Par Mohamed Ould Oumar

Si l’on veut comprendre le destin d’un État, il ne suffit pas d’observer la volonté de ceux qui le revendiquent ; il faut également examiner les rapports de force qui l’entourent.

Les intentions nourrissent les rêves, mais ce sont les réalités qui façonnent les États. C’est en substance l’idée développée par le Dr Mohamed Mokhtar Chinguitti lors d’une conférence donnée à Nouakchott après son retour au pays.

Dans une lecture stratégique, l’Azawad apparaît comme un vaste territoire où se croisent des volontés contradictoires et des intérêts multiples.

Croire qu’une déclaration d’indépendance suffit à faire naître un État revient à penser que planter un drapeau sur une colline équivaut à remporter une guerre. La véritable victoire ne se mesure pas à l’annonce d’une souveraineté, mais à la capacité de protéger le territoire, d’administrer la population, d’assurer les ressources nécessaires et d’obtenir la reconnaissance des voisins comme de la communauté internationale.

L’histoire montre qu’un acteur qui affronte simultanément tous ses adversaires épuise ses forces avant même d’atteindre son objectif. Dans le cas de l’Azawad, le projet d’un État indépendant se heurte à la volonté de l’État malien, aux réticences des pays voisins et à un système régional qui redoute qu’une réussite séparatiste ne provoque une succession incontrôlable de nouvelles divisions.

Lorsque plusieurs volontés convergent pour empêcher une évolution donnée, sa réalisation devient d’autant plus difficile, quelles que soient la légitimité des revendications ou la puissance des slogans.

Par ailleurs, un territoire marqué par la diversité des allégeances, des tribus et des intérêts ne peut prétendre à une stabilité durable sans un large consensus interne. Aucun bâtisseur avisé ne construit sa maison sur un terrain encore instable, pas plus qu’il ne fonde son autorité sur un accord inachevé.

Un État qui ne parvient pas à rassembler ses composantes autour d’une vision commune demeure vulnérable aux turbulences, même après avoir proclamé son indépendance.La complexité du dossier est accentuée par la situation sécuritaire du Sahel, devenu un espace où prolifèrent groupes armés, réseaux de trafics et menaces transnationales.

Dans un tel environnement, la question n’est pas seulement de savoir comment proclamer un État, mais surtout comment le préserver après sa naissance. Car le défi majeur n’est pas la conquête du pouvoir ; il réside dans la capacité à l’exercer durablement.

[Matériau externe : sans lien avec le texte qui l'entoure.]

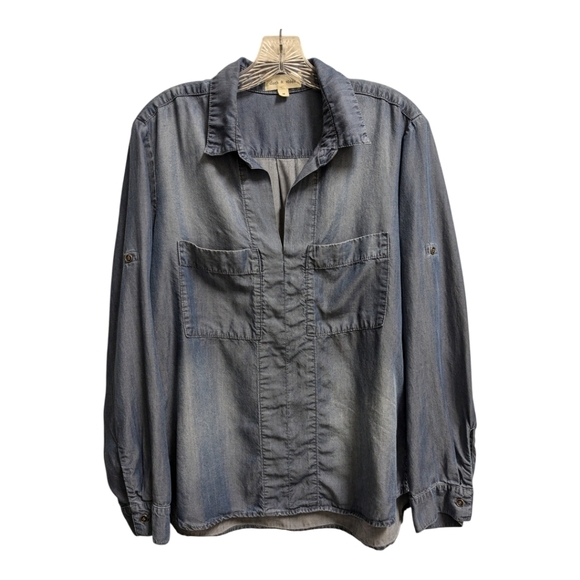 Cloth and Stone Long Sleeve Point Collar Chambray Shirt blue medium - Picture 1 of 4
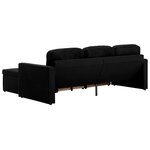 vidaXL Canapé-lit modulaire 3 places Noir Tissu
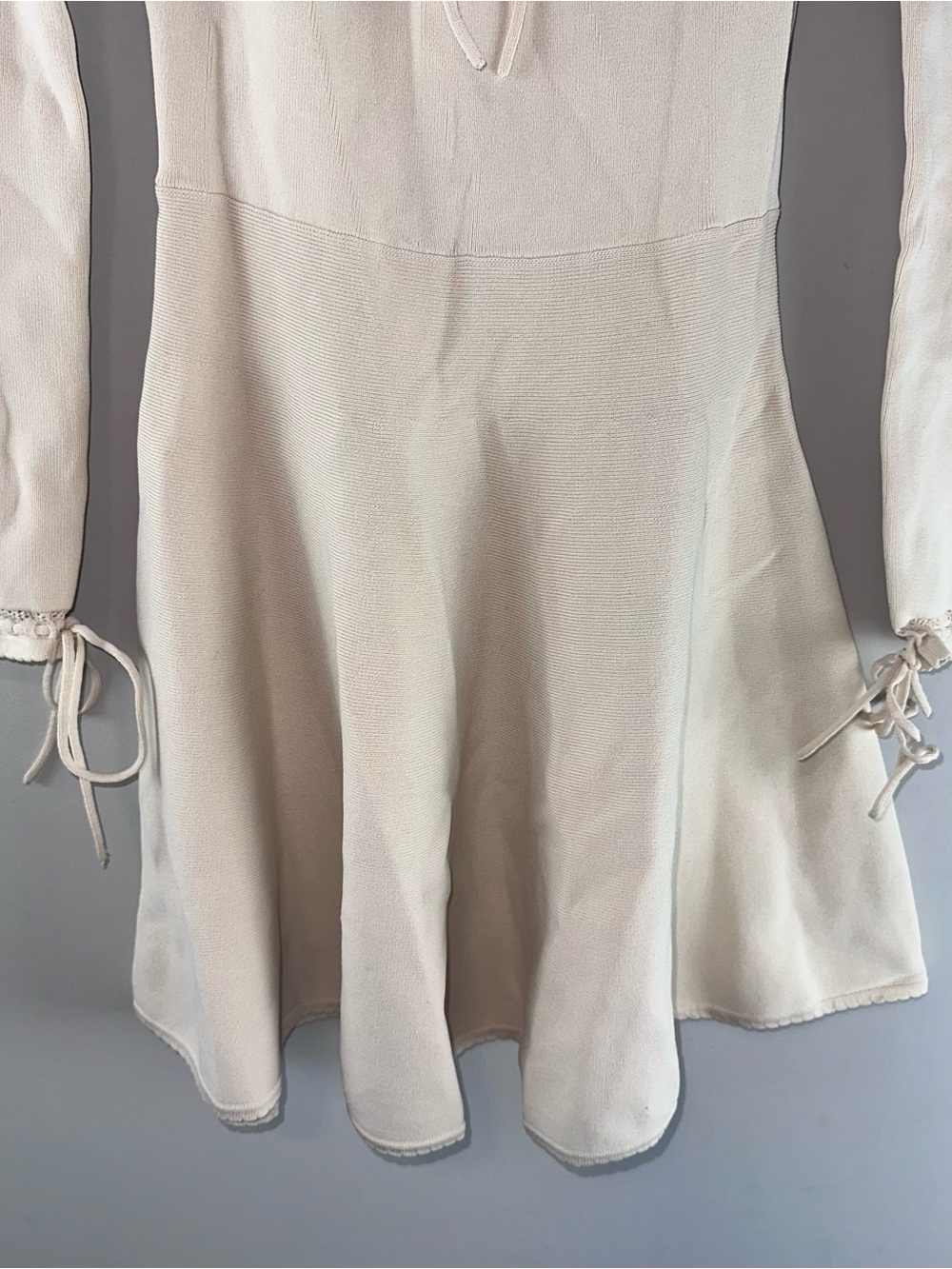 House of CB Caprice Rib Knit Long Sleeve Flare Cottagecore Cream Dress Size XS - Picture 2 of 10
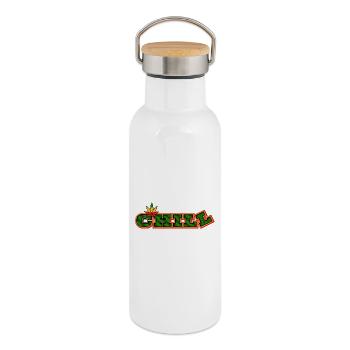 Psychedelic Chill Cannabis Wortkunst - Thermosflasche mit Bambusdeckel - Weiß - Rechts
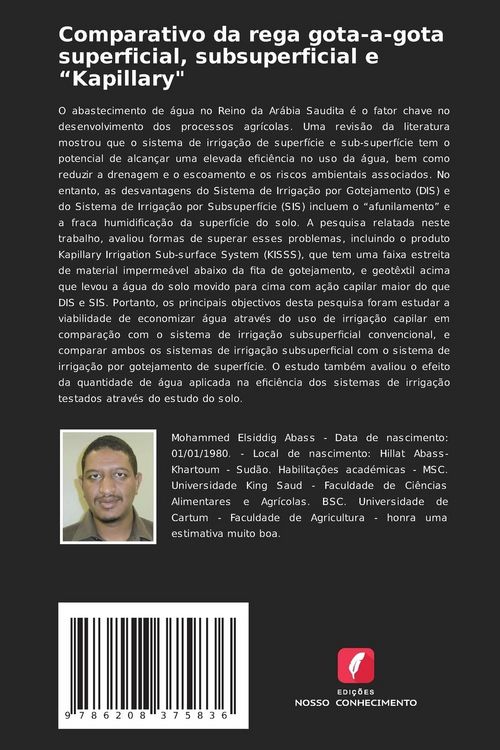 Produktbild: Comparativo da rega gota-a-gota superficial, subsuperficial e "Kapillary"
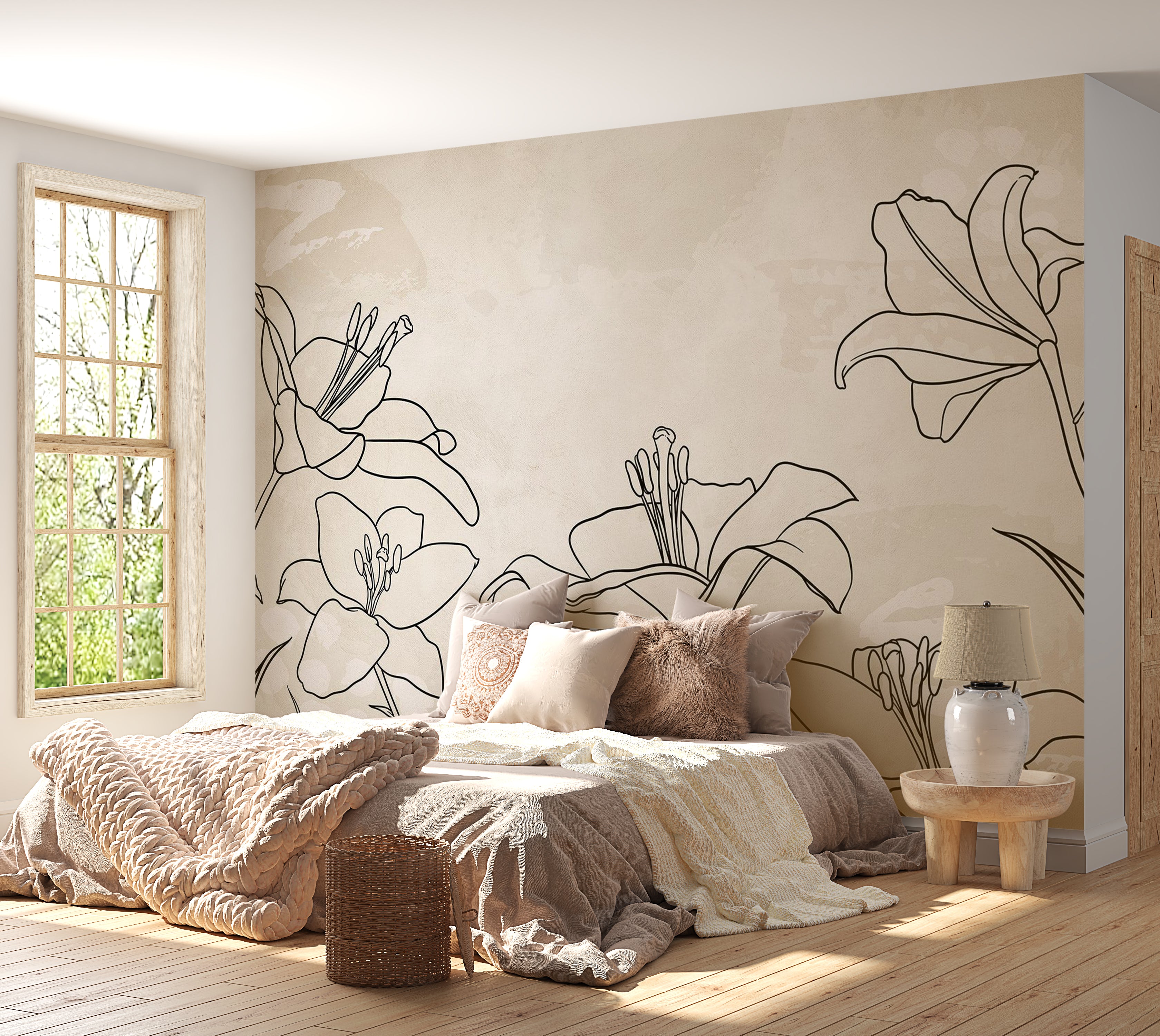 Botanical Wallpaper Wall Mural - Sketch of Nature 39"Wx27"H / Standard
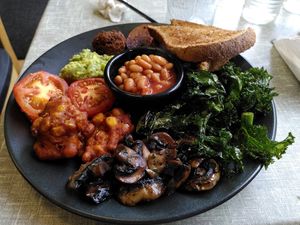 Vegan breakfast (October 2023) at Little Devil's Cafe in Aberystwyth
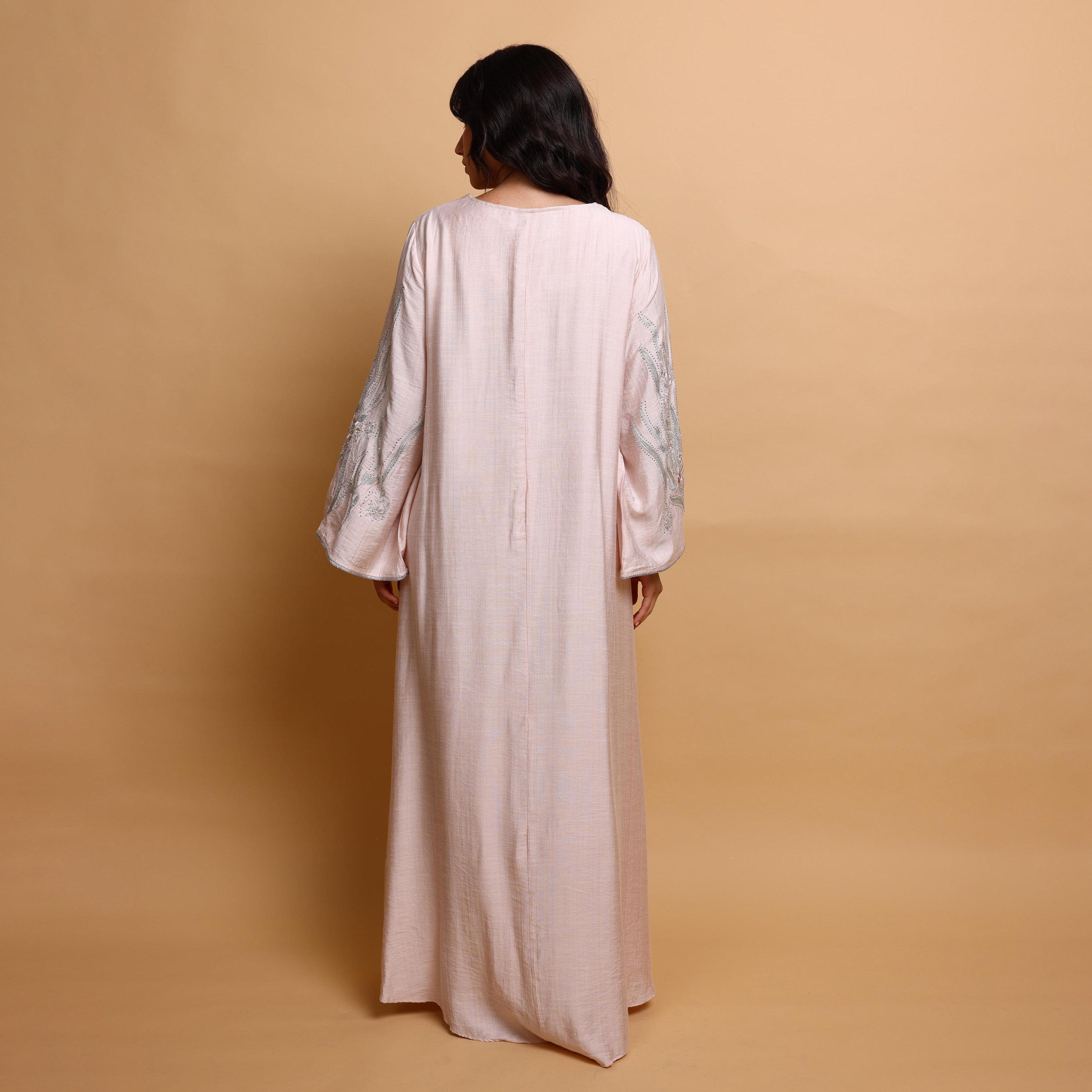 IKKXA Floral Embroidered Wide Sleeves Women's Evening Jalabiya-women-arabicclothing-jalabiyas-image-5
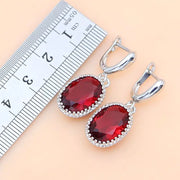 Ruby Red 925 Silver Jewelry Set Birthstone  Earrings/Pendant/Necklace/Rings/Bracelet Festival Valentine's Day Gift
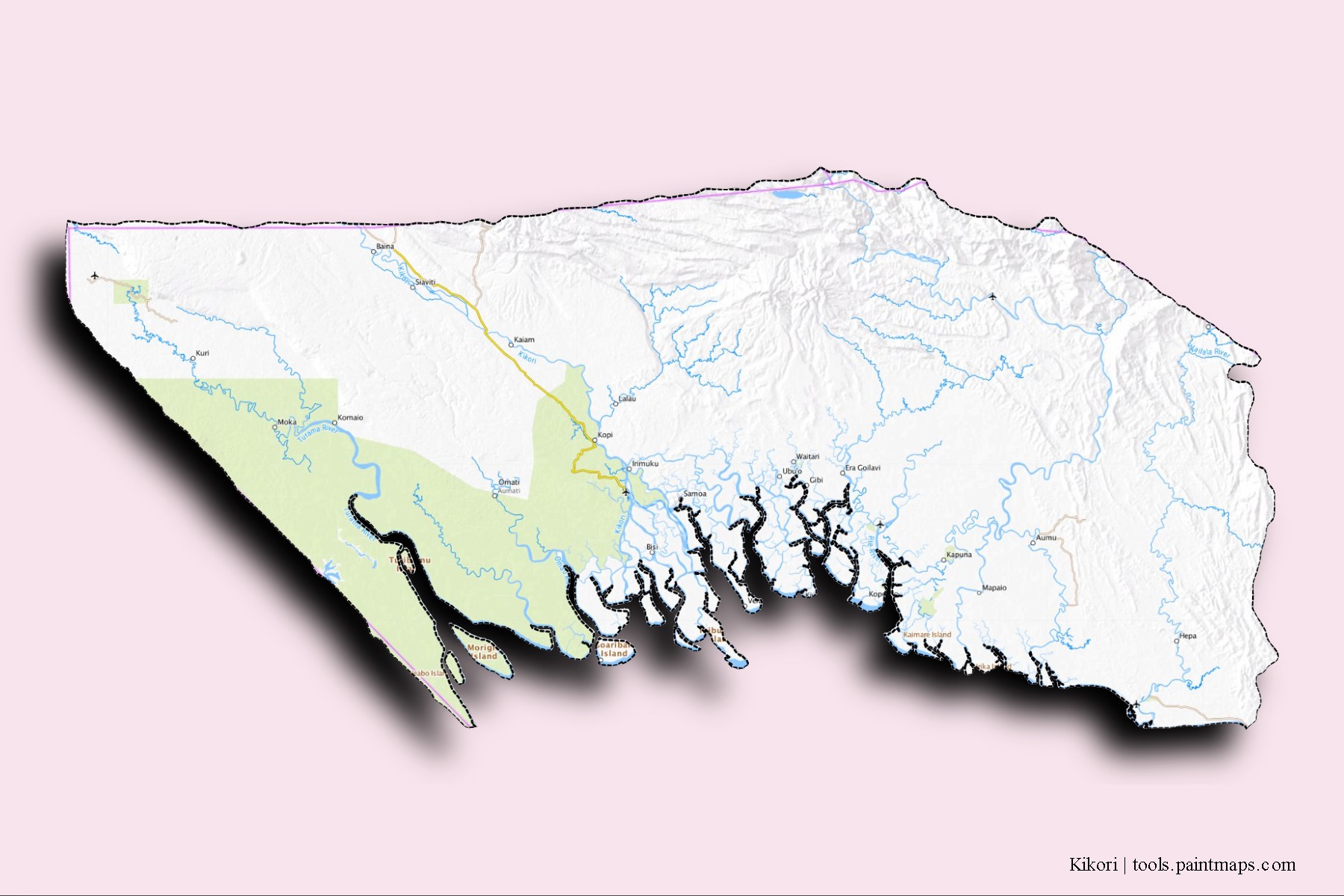 Kikori neighborhoods and villages map with 3D shadow effect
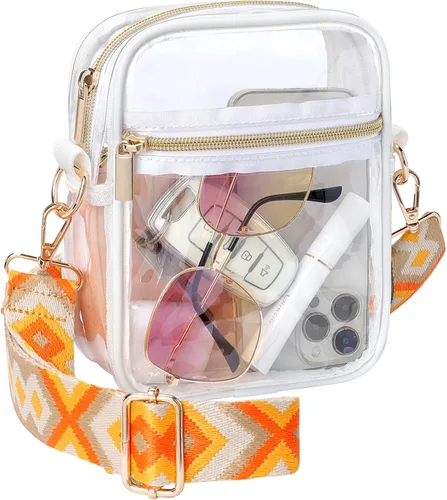 Vista 25 de PACKISM Bolsa transparente para eventos de estadio – Monederos pequeños transparentes para mujer, bolsa bandolera para conciertos y eventos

C’est pourquoi il convient de distinguer entre l’idéal souhaité et le possible. L’idéal peut être celui d’un État pleinement souverain ; le possible, dans le contexte actuel, pourrait résider dans un renforcement de l’autonomie locale, une meilleure représentation politique et des politiques de développement capables de traiter les causes profondes des tensions. Ceux qui évaluent lucidement leurs capacités et les réalités du terrain peuvent obtenir des acquis durables.

Ceux qui les ignorent risquent de perdre même ce qui était à leur portée.Dans une perspective stratégique plutôt qu’émotionnelle, l’avenir de l’Azawad semble aujourd’hui davantage orienté vers la recherche d’un compromis politique au sein du cadre existant que vers la création d’un État indépendant à court ou moyen terme.

Cette réalité est comprise depuis longtemps par de nombreux acteurs de la région. Cependant, selon les partisans de l’Azawad, les autorités centrales de Bamako ont régulièrement remis en cause les engagements contenus dans les accords signés avec les mouvements de libération azawadiens.

La guerre n’est jamais une simple confrontation militaire. Elle est un calcul permanent entre capacités, opportunités et risques.

Lorsque le coût d’un objectif dépasse les chances raisonnables de l’atteindre, la sagesse consiste à explorer d’autres voies susceptibles de garantir la stabilité, de préserver les intérêts essentiels et d’éviter de nouveaux conflits.

Dès lors, la véritable question n’est pas de savoir s’il est possible de proclamer un État en Azawad. Elle est de déterminer quelle option possède les meilleures chances de durer. Car la sagesse politique ne recherche pas la victoire immédiate, mais celle qui s’inscrit dans le temps.